> [Problem]: Exact copies of all the records are to be printed.

*** Provided material ***

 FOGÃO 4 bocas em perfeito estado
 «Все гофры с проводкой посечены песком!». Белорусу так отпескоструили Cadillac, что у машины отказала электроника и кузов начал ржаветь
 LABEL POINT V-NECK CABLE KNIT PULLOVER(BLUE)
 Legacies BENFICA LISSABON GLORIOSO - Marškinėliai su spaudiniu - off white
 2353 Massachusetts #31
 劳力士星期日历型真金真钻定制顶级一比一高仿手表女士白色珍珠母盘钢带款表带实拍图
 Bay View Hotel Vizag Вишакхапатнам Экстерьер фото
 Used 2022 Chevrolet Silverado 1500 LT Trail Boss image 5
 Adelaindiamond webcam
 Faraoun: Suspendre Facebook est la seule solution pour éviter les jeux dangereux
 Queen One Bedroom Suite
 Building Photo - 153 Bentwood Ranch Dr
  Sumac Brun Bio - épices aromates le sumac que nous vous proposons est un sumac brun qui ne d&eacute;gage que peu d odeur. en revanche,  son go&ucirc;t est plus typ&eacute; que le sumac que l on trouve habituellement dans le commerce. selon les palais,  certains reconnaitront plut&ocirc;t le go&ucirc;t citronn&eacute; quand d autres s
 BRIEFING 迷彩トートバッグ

***

> [Output]:
 FOGÃO 4 bocas em perfeito estado
 «Все гофры с проводкой посечены песком!». Белорусу так отпескоструили Cadillac, что у машины отказала электроника и кузов начал ржаветь
 LABEL POINT V-NECK CABLE KNIT PULLOVER(BLUE)
 Legacies BENFICA LISSABON GLORIOSO - Marškinėliai su spaudiniu - off white
 2353 Massachusetts #31
 劳力士星期日历型真金真钻定制顶级一比一高仿手表女士白色珍珠母盘钢带款表带实拍图
 Bay View Hotel Vizag Вишакхапатнам Экстерьер фото
 Used 2022 Chevrolet Silverado 1500 LT Trail Boss image 5
 Adelaindiamond webcam
 Faraoun: Suspendre Facebook est la seule solution pour éviter les jeux dangereux
 Queen One Bedroom Suite
 Building Photo - 153 Bentwood Ranch Dr
  Sumac Brun Bio - épices aromates le sumac que nous vous proposons est un sumac brun qui ne d&eacute;gage que peu d odeur. en revanche,  son go&ucirc;t est plus typ&eacute; que le sumac que l on trouve habituellement dans le commerce. selon les palais,  certains reconnaitront plut&ocirc;t le go&ucirc;t citronn&eacute; quand d autres s
 BRIEFING 迷彩トートバッグ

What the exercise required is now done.